> [What you have to do]
Print every line of the listing below, starting with the line that holds "Philippine Presidential Candidate" and going on through the line that holds "condo - Residential", both included, and print nothing else.

*** Data section Section Begins ***

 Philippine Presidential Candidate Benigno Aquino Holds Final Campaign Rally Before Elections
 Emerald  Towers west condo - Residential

*** Data section Section Ends ***
*** Data section Section Begins ***

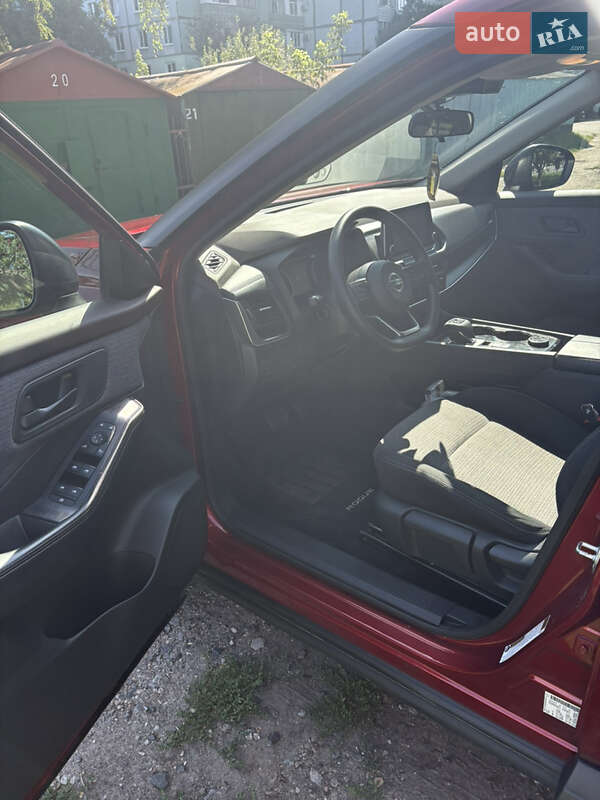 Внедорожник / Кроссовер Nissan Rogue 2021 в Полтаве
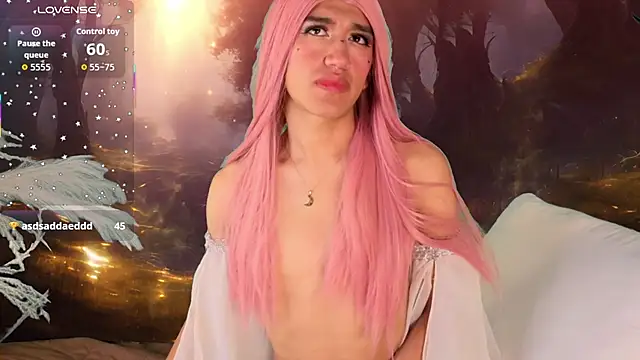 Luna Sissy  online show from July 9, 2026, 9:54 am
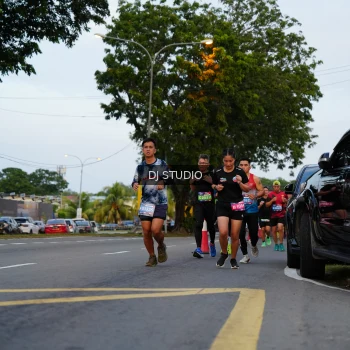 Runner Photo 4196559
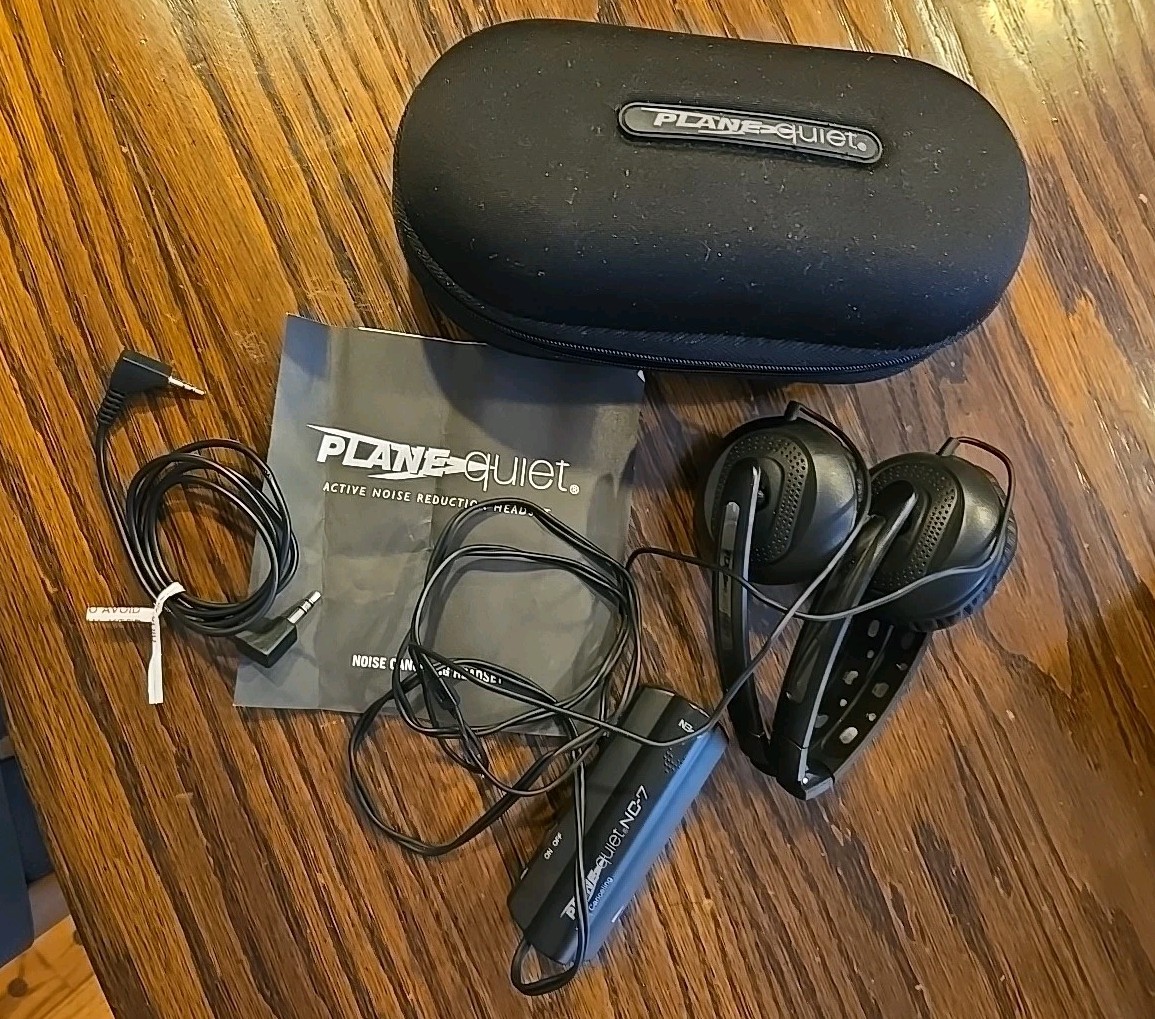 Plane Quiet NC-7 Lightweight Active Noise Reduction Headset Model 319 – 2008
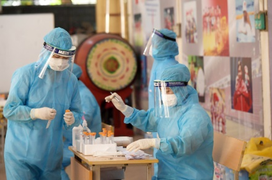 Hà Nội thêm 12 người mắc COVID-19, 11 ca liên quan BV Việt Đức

*** Data section Section Ends ***

> [Task output]
 Philippine Presidential Candidate Benigno Aquino Holds Final Campaign Rally Before Elections
 Emerald  Towers west condo - Residential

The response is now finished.